We are required to evaluate our internal control over financial reporting under Section 404 of the Sarbanes-Oxley Act of 2002 and any adverse results from such evaluation could have a negative market reaction.
     Pursuant to Section 404 of the Sarbanes-Oxley Act of 2002 (Section 404), we are required to furnish a report by our management on our internal control over financial reporting. That report must contain, among other matters, an assessment of the design and operating effectiveness of our internal controls over financial reporting as of the end of the fiscal year. This assessment must include disclosure of any material weaknesses in our internal control over financial reporting identified by management. That report must also contain a statement that our independent registered public accounting firm has issued an attestation report on management’s assessment of such internal controls and independent registered public accounting firm’s assessment of the design and operating effectiveness of our system of internal accounting controls over financial reporting. If in the future we are unable to assert that our internal control over financial reporting is effective as of the end of the then current fiscal year (or, if our independent registered public accounting firm is unable to attest that our management’s report is fairly stated or they are unable to express an unqualified opinion on the design and operating effectiveness of our internal controls), we could lose investor confidence in the accuracy and completeness of our financial reports, which would have a negative effect on our stock price and our ability to raise capital.

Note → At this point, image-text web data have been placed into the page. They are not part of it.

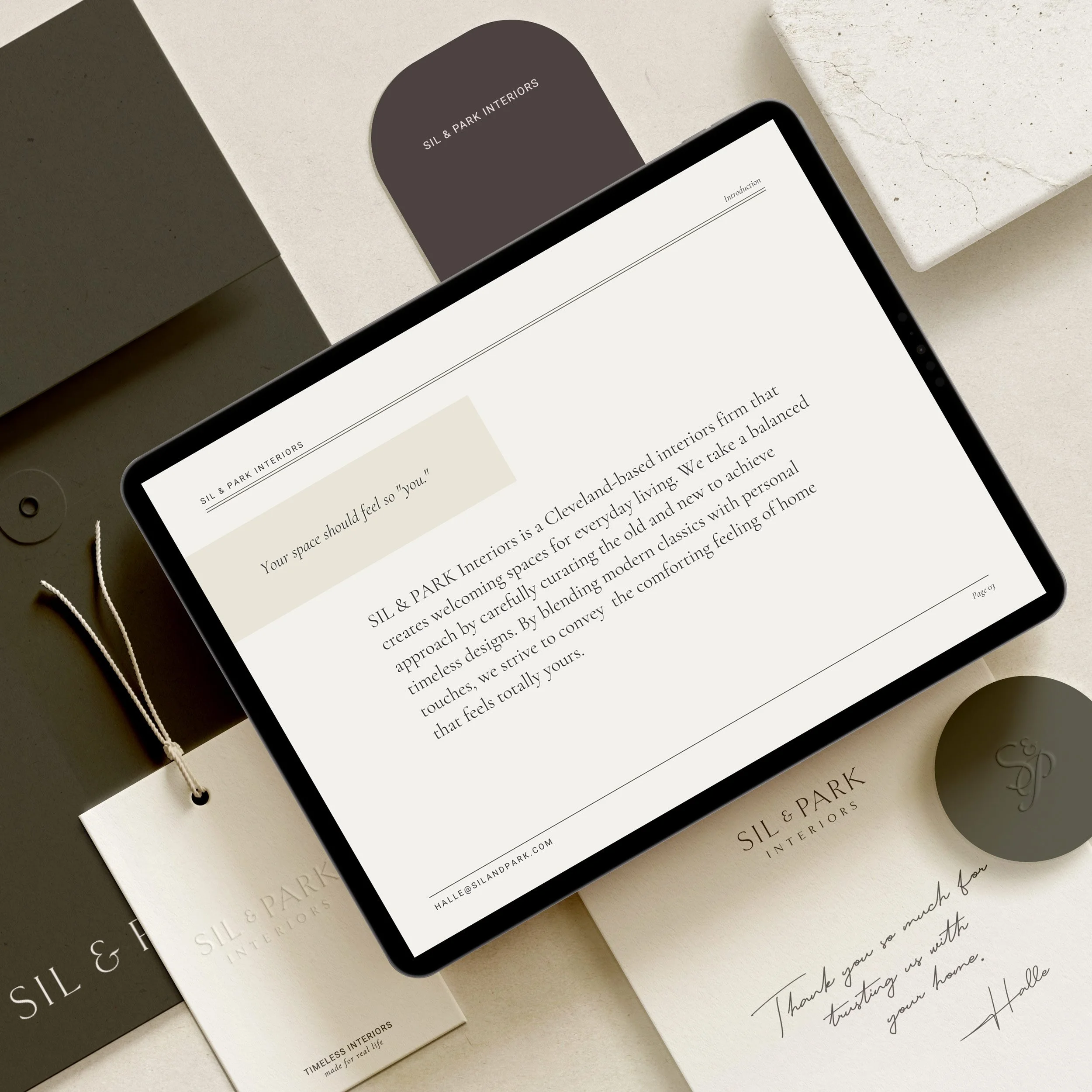 Digital tablet displaying a welcome message from SIL & PARK Interiors, surrounded by branding materials including a tag, a card, and a booklet, all in neutral tones. Created by Clarke Creative.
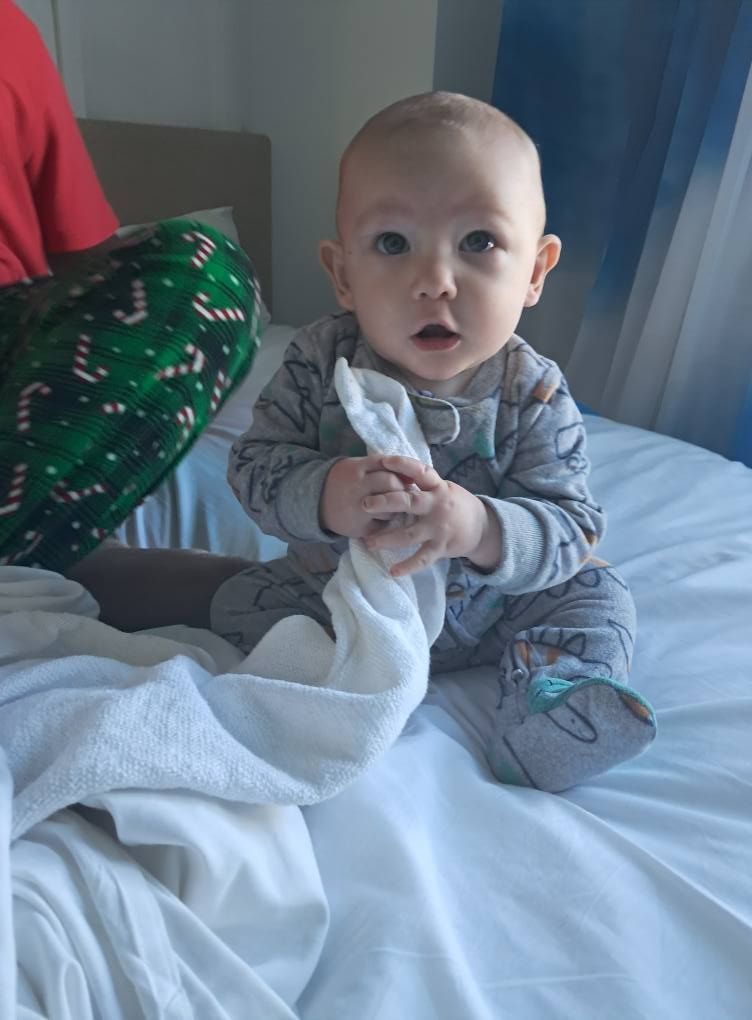 A baby is sitting on a bed holding a towel.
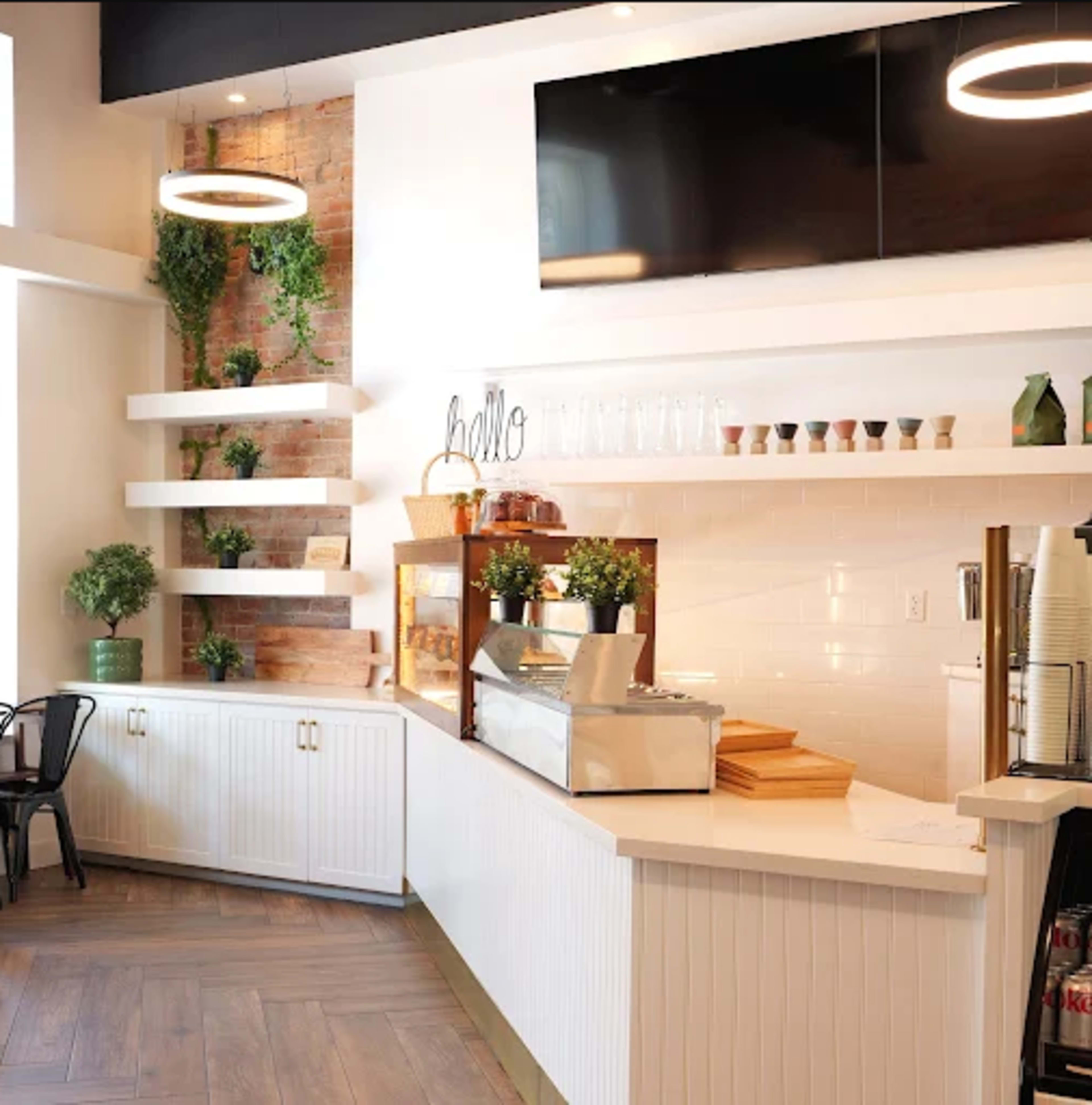 The image shows a modern café interior with a service counter, shelves adorned with plants, and a television mounted on the wall.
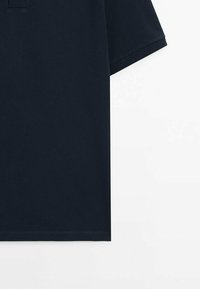 Polo shirt à manches courtes bleu marine foncé avec un tissu texturé, un col plat et une petite poche sur le côté gauche de la poitrine. Ourlet à coupe droite.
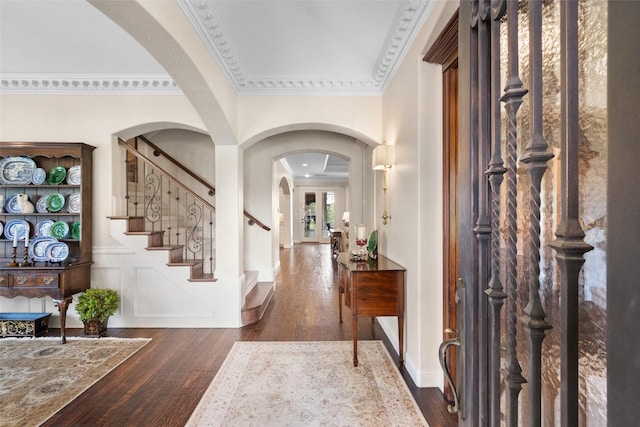 entrance foyer featuring arched walkways, wood finished floors, stairs, crown molding, and a decorative wall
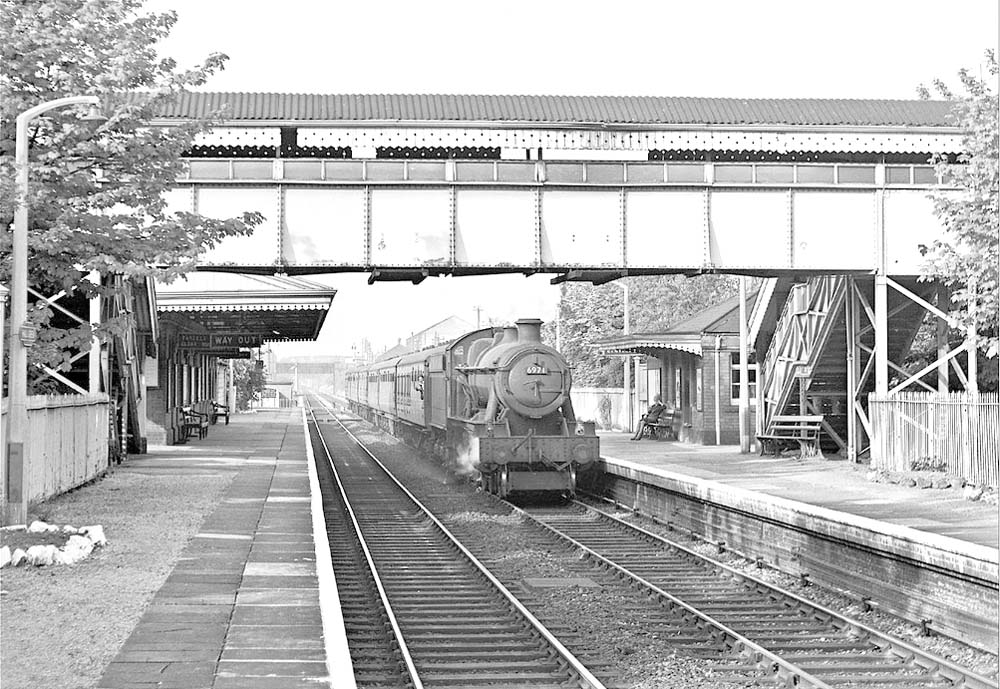 Ex-GWR 4-6-0 No 6971 'Athelhampton Hall' passes through Hall Green on a down express on 16th May 1964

Forward-looking statements
     This report contains certain forward-looking statements within the meaning of Section 27A of the Securities Act and Section 21E of the Securities Exchange Act. These forward-looking statements include statements regarding:
    potential strategic collaborations with others
 
    future capital needs
 
    adequacy of existing capital to support operations for a specified time
 
    product development and marketing plan
 
    clinical trial plans and anticipated results
 
    anticipation of future losses
 
    replacement of manufacturing sources
 
    commercialization plans
 
    revenue expectations and operating results
     These statements are subject to risks and uncertainties, including those set forth in this “Risk Factors” section, and actual results could differ materially from those expressed or implied in these statements. All forward-looking statements included in this quarterly report are made as of the date hereof. We assume no obligation to update any such forward-looking statement or to update any reason why actual results might differ.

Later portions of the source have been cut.